▶ Data provided:
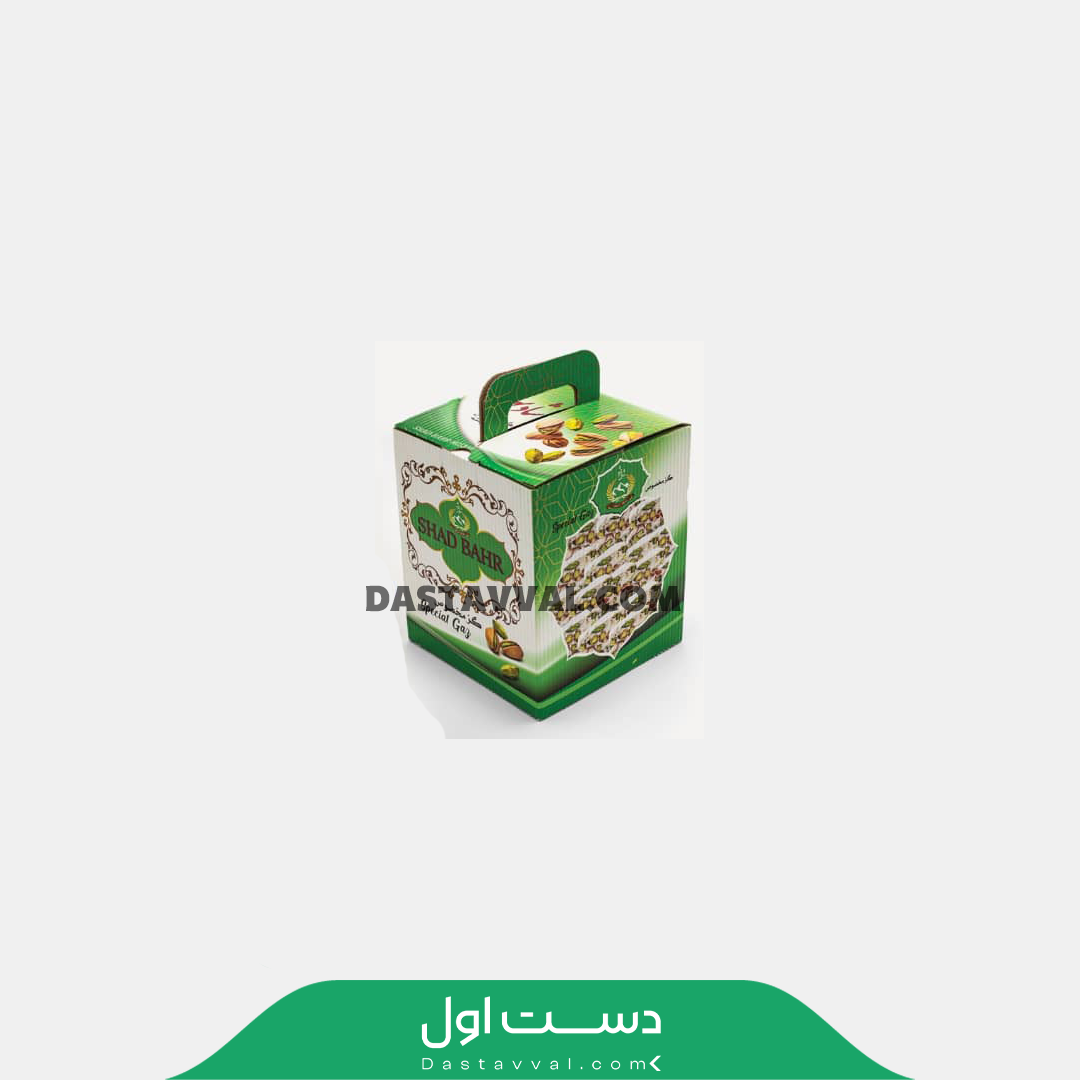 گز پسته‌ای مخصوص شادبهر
==
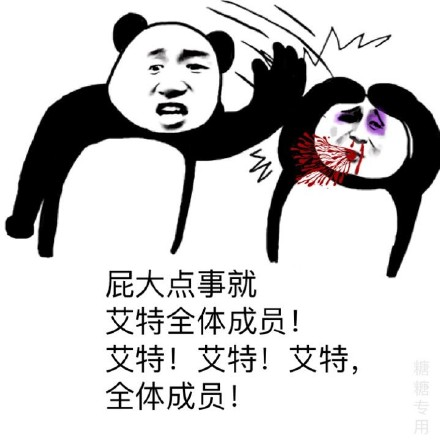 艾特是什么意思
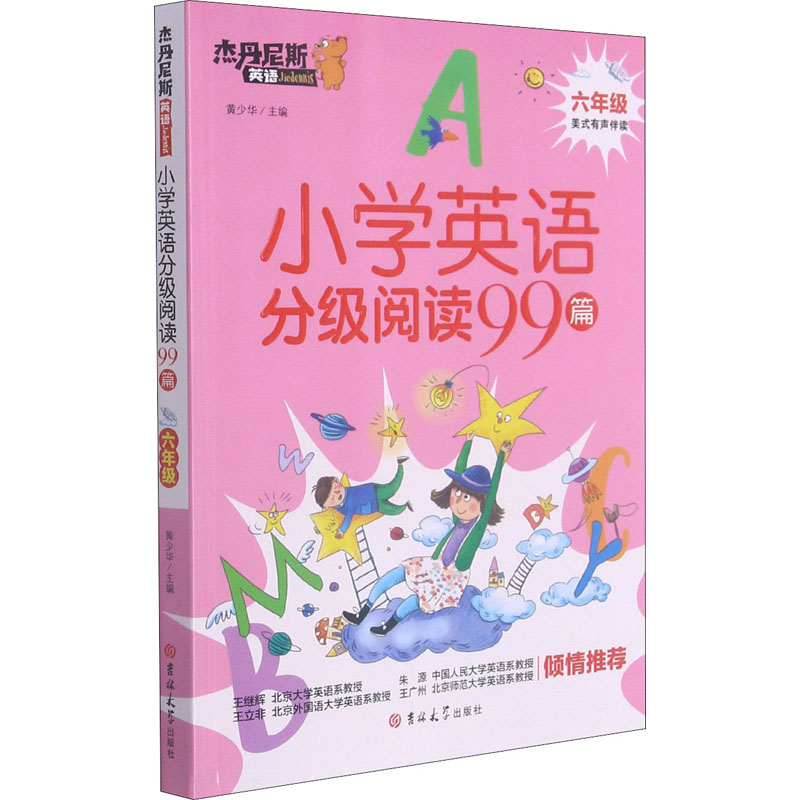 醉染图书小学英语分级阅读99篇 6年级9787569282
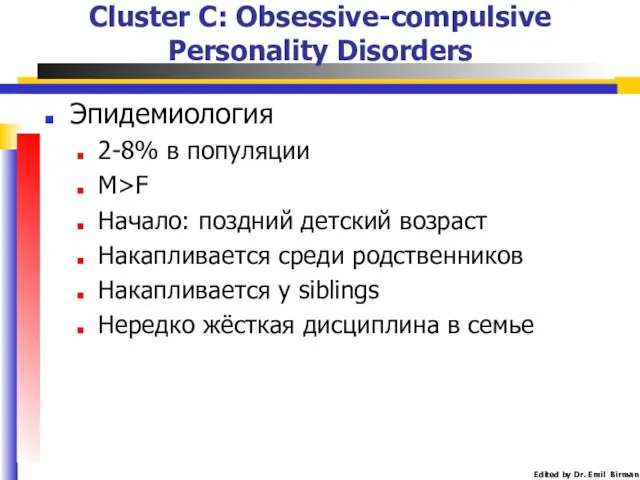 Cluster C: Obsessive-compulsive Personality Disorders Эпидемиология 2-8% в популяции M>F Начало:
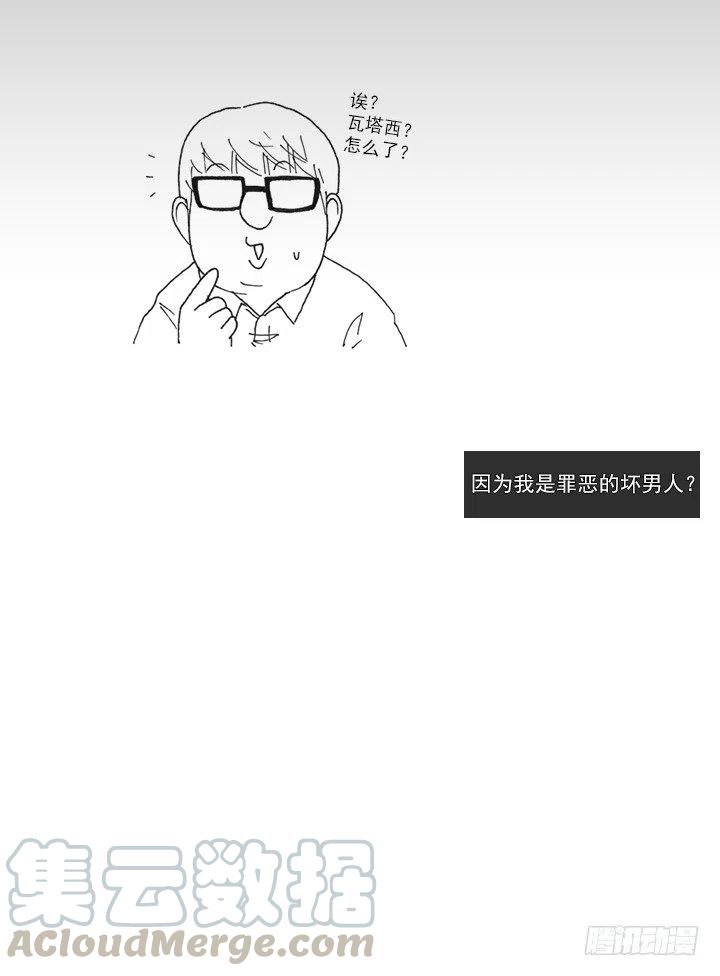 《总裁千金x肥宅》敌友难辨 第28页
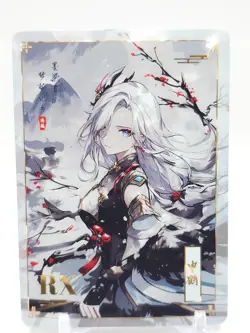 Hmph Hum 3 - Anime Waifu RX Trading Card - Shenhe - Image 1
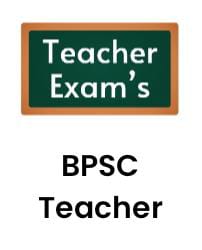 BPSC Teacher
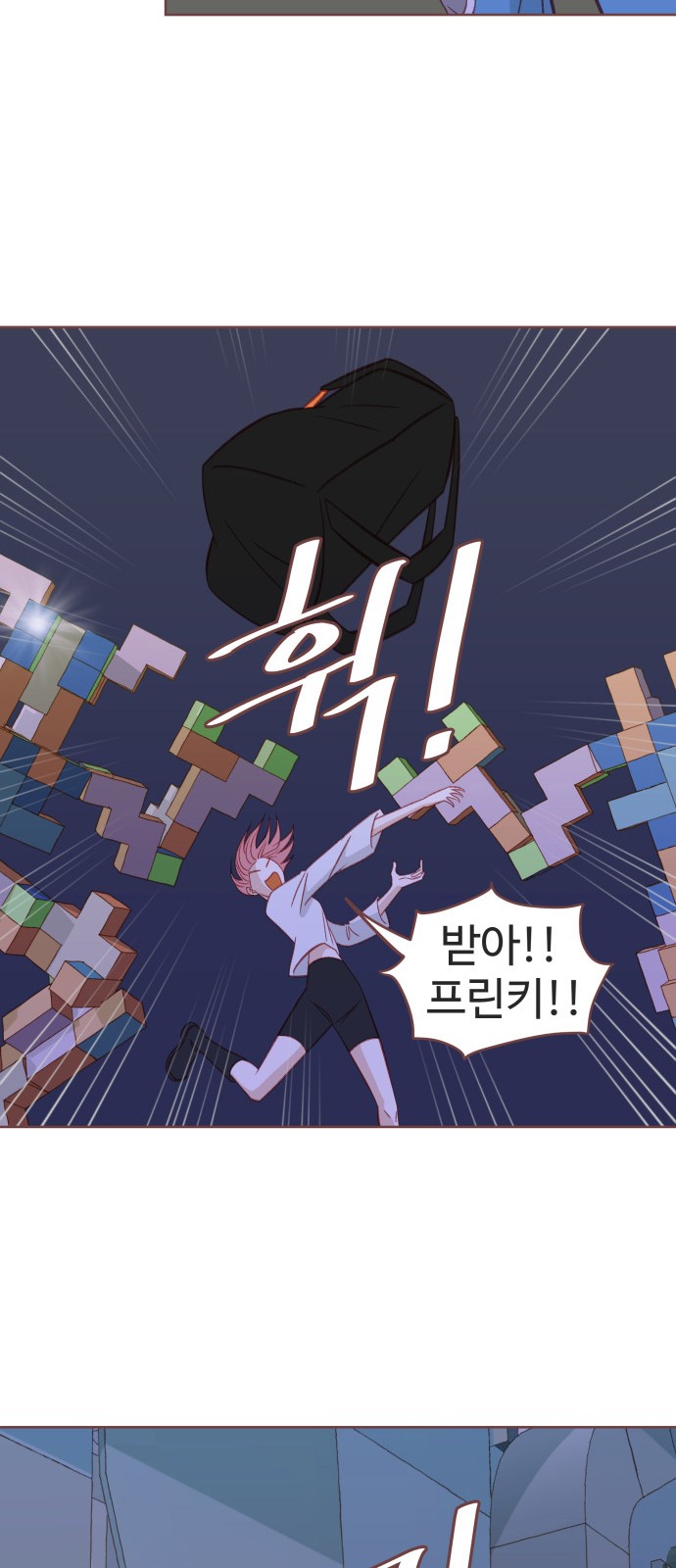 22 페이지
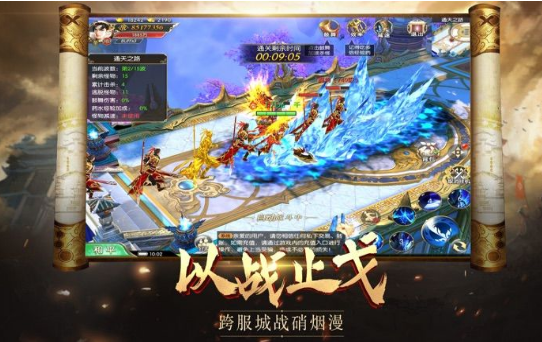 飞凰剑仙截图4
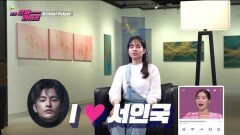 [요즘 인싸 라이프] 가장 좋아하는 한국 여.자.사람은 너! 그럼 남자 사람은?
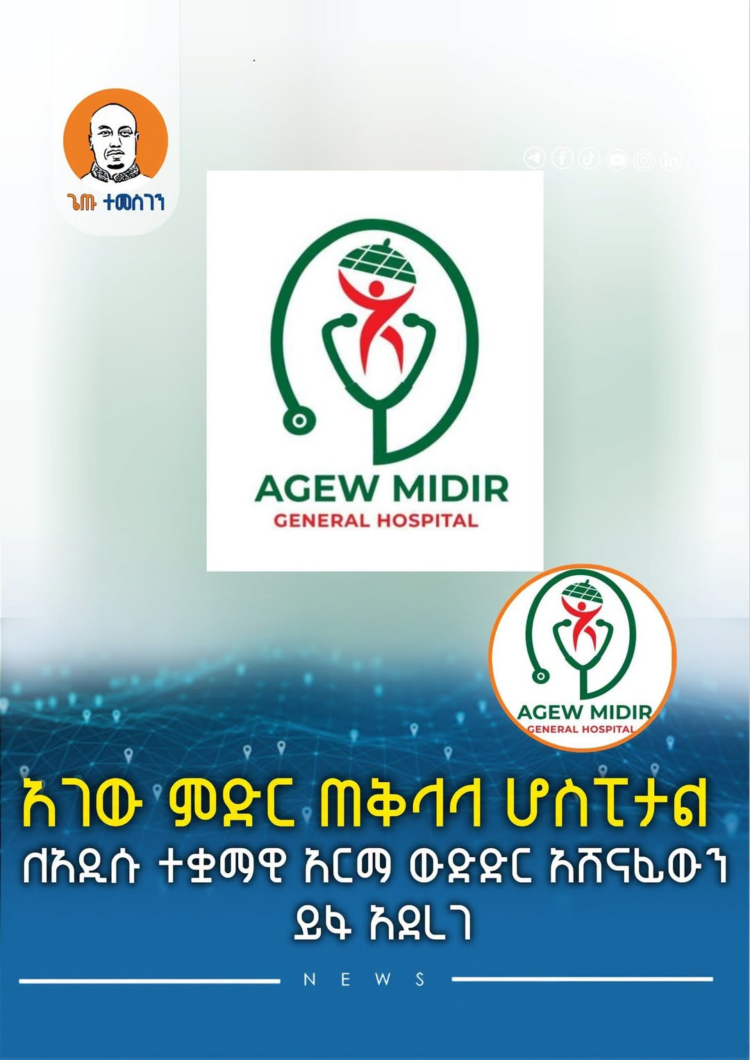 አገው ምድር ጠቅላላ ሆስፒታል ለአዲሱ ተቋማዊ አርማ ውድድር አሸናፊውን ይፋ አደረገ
==
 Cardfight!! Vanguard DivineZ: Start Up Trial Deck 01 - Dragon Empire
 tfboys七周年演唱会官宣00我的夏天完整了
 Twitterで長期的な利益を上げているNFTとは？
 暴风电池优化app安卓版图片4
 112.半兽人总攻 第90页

▶ What needs to be done: Write out again exactly the lines above from the one with "Cluster C: Obsessive-compulsive" through the one with "አገው ምድር ጠቅላላ", adding no other lines and no pictures.

▶ Response to the task:
 Cluster C: Obsessive-compulsive Personality Disorders Эпидемиология 2-8% в популяции M>F Начало:
 《总裁千金x肥宅》敌友难辨 第28页
 Hmph Hum 3 - Anime Waifu RX Trading Card - Shenhe - Image 1
 BPSC Teacher
 22 페이지
 飞凰剑仙截图4
 [요즘 인싸 라이프] 가장 좋아하는 한국 여.자.사람은 너! 그럼 남자 사람은?
 አገው ምድር ጠቅላላ ሆስፒታል ለአዲሱ ተቋማዊ አርማ ውድድር አሸናፊውን ይፋ አደረገ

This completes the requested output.